The COSPAS-SARSAT Beacon is a disaster relief communications support program that aims to activate search and rescue signals to countries and agencies by activating 406 MHz beacons in critical situations. However, it does not carry out rescue work directly and only provides warning data to international organizations or national administrative bodies. Previously, low orbit satellites and stationary orbits were used as repeaters, and they were operated together with first generation beacons.

COSPAS-SARSAT consists of beacons, signal repeaters and processors, reception and signal processing ground stations (LUTs), a mission coordination center (MCC) that distributes rescue data to rescue centers, and a rescue coordination center (RCC) that responds to real situations.

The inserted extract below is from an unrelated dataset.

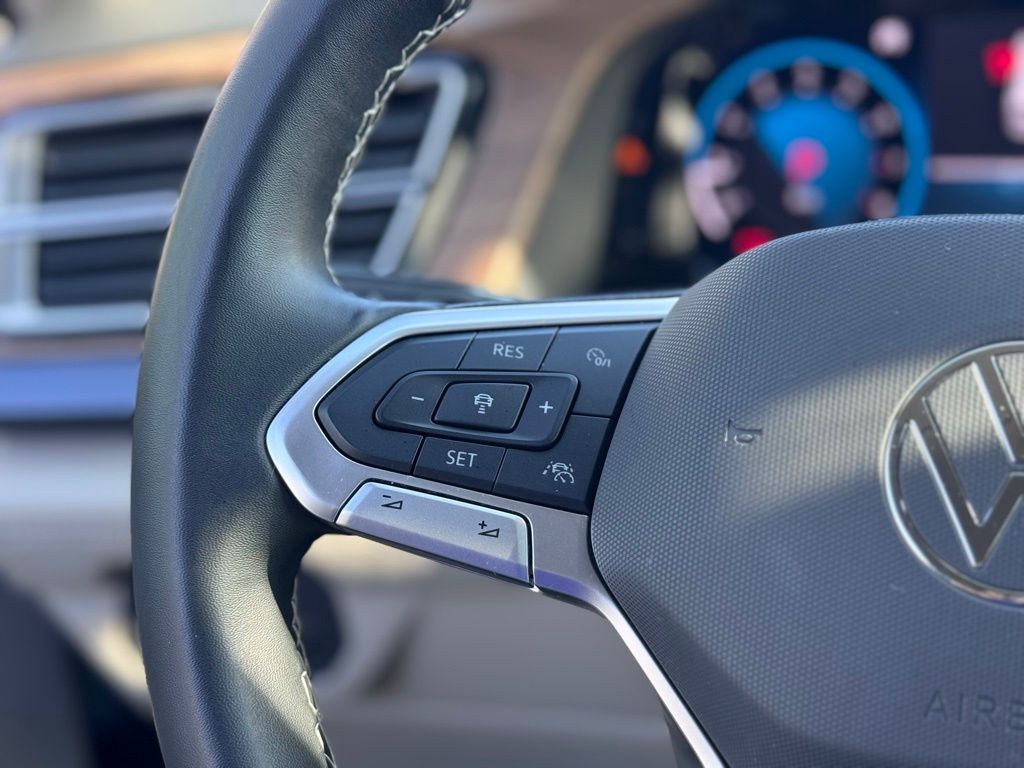 2024 Volkswagen Atlas 2.0T SE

Second-generation beacons include a GNSS receiver and send their location information when they emit a signal. The ground station estimates the position of the beacon by decoding the data bit of the signal or using the TDOA and FDOA of the received signals.

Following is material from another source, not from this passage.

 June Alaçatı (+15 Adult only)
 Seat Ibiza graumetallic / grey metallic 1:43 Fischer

However, the existing algorithm for decoding the data bit or estimating the TDOA and FDOA of the received signals is performed based on the published PRN code and the preamble message of the data bit, so if the beacon signal is encrypted or the PRN code is changed for a special purpose. There is a problem in that the location of the beacon cannot be estimated.

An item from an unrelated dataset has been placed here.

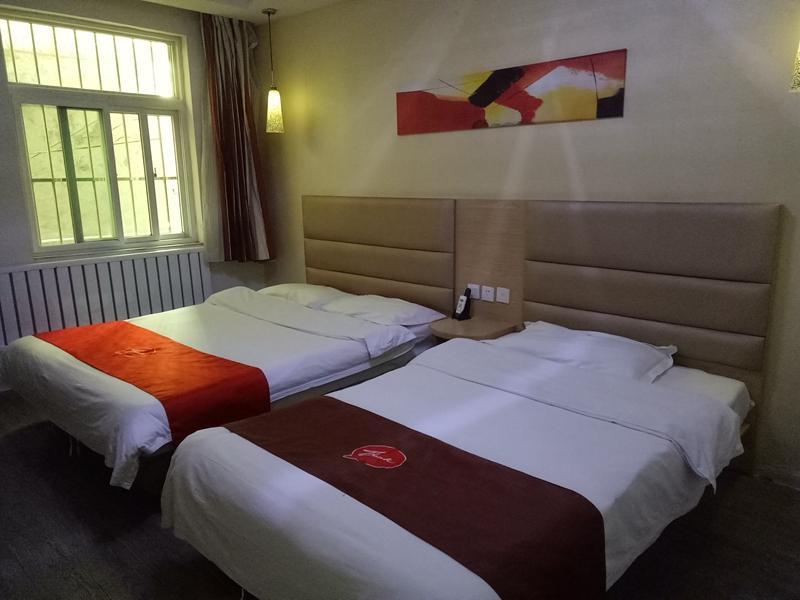 Цзинань: Thank Inn Hotel Shandong Jinan Qilu Children Hospital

Accordingly, the present invention is to solve the problems described above, the location of the beacon signal is encrypted or for special purpose in the ground station estimating the position of the beacon even if the code of the beacon signal is unknown from the ground station Make it possible. In addition, in order to solve the problem, the amount of calculation increases rapidly in order to increase the position estimation capability, and its purpose is to provide a method for solving the problem.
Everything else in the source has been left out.